RFC - Future Design - Time Series & Stateful Stream Processing

Future Time-series Architecture

Summary

Over the past 6 years of experimenting with different designs for time-series data, and the more recent designs for integrating time-series data into GraphQL and the Rhize Data Hub, our ability to reason about the different types of data and requirements has evolved.

This post tries to capture that understanding as the basis for discussion on what the future of time-series should look like.

Retrospective

Motivation

What use-cases are time-series use-cases? What makes time-series different?

  • We are mostly taking about machine data when we talk about time-series data. The Rhize Data Hub allows you to connect to external streaming data sources like OPC-UA servers or MQTT Brokers, and allows you to ā€˜bindā€™ topics from those external data sources to equipment properties in your equipment model.
  • This is traditionally the role of the ā€˜Process Historianā€™ and is primarily concerned with Observed data. I.e. the value of a sensor was observed at a point in time. That observation has a time-stamp, and a set of observations across time creates a time-series.

Time Series use-cases often include the need to Infer context for the observation. for example:

  • What type of equipment is the sensor attached to?
  • What product is the equipment producing at the time of the observation?
  • Which shift is operating the equipment at the time of the observation?

Time Series use-cases also include the need to derive information from the observations. Examples include:

  • Calculating the volume of liquid in a vessel based on the observation of a level sensor
  • Aggregating the total amount of time that an observed value stayed within a specified range
  • Calculating the % of waste over a particular time interval by considering the total production and the total rejects
  • Determining the time lost due to running at less than the desired speed by calculating the area between to observations over time

Some of these calculations only need to be determined at the time of running a query, but others may need to be used in the generation of events. (see RFC - Design Doc - Event Publishing )

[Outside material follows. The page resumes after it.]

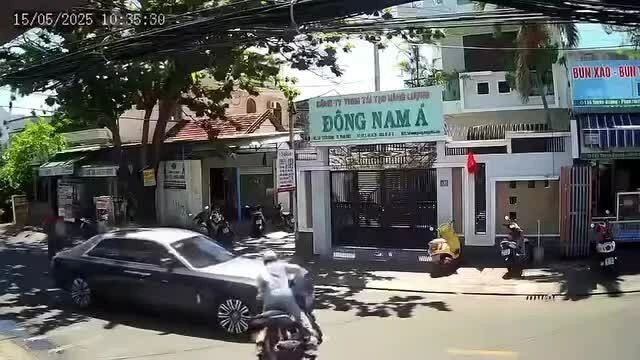 Va chạm với xe siêu sang, người đi xe bỏ chạy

Where there is a need to persist Derived or Inferred information, complications can arise when the underlying information changes. This can and does happen in scenarios like:

  • A calcuation changes which invalidates the previously persisted results
  • Context information changes historically: An example would be where the Production Order details for a machine where updated for a previously run order.
  • Data arrives late: This often occurs with lab test results which can arrive some days or weeks after production has occurred. Can also occur if source systems are not capable of publishing real-time events, and instead publish information in batches.
  • late arriving data can cause derived or inferred information to be invalidated.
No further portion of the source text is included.